Required action – In the entries below, identify every line with the string "photo" and copy it.

Material for this task START

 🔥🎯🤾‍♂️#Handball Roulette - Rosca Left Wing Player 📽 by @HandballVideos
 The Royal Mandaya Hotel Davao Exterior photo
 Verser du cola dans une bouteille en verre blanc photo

Material for this task END
Material for this task START

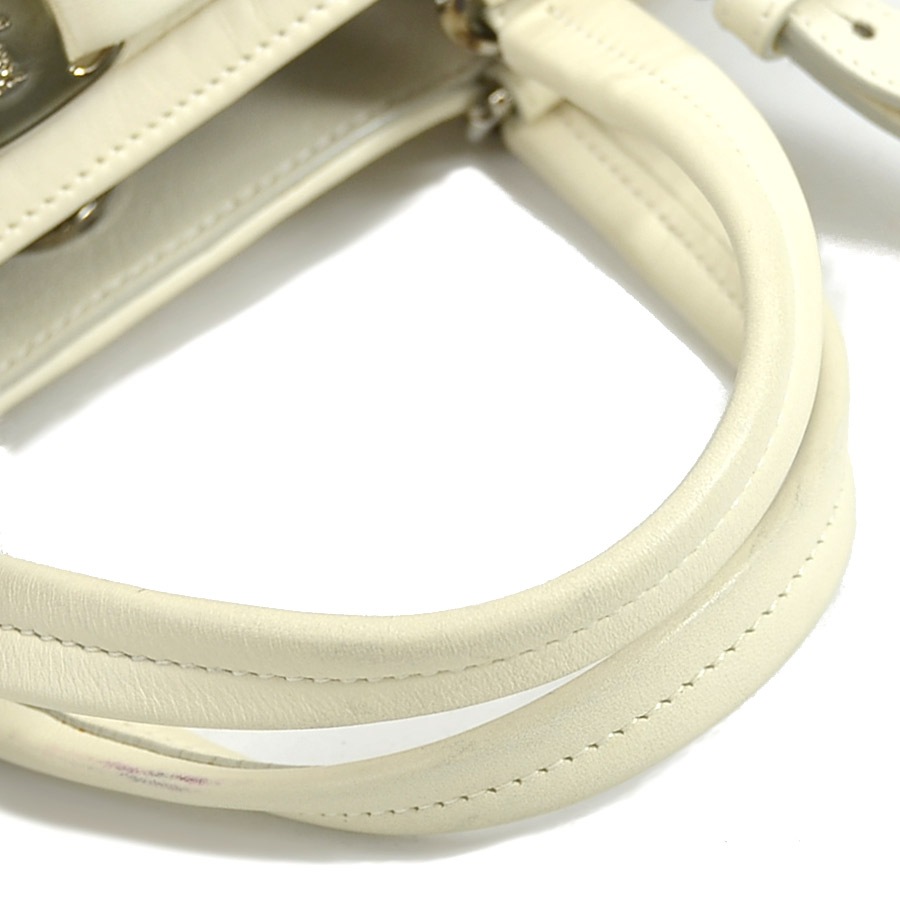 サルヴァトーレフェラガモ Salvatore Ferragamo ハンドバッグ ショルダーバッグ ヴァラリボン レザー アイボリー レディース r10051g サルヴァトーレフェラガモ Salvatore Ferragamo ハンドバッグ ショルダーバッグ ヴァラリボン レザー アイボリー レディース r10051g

Material for this task END
Material for this task START

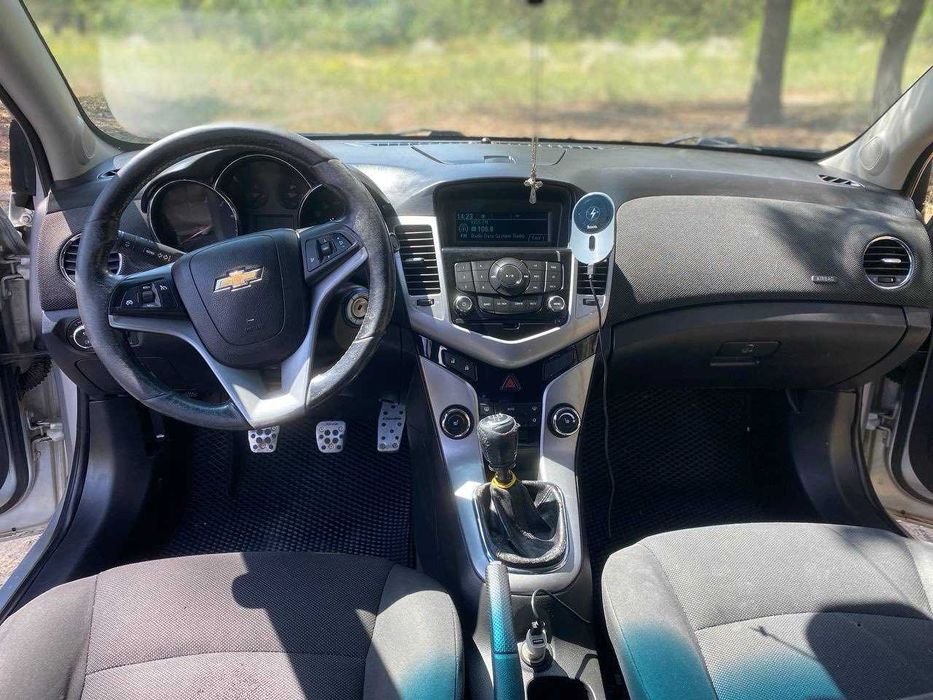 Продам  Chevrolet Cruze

Material for this task END

Output of the task –
 The Royal Mandaya Hotel Davao Exterior photo
 Verser du cola dans une bouteille en verre blanc photo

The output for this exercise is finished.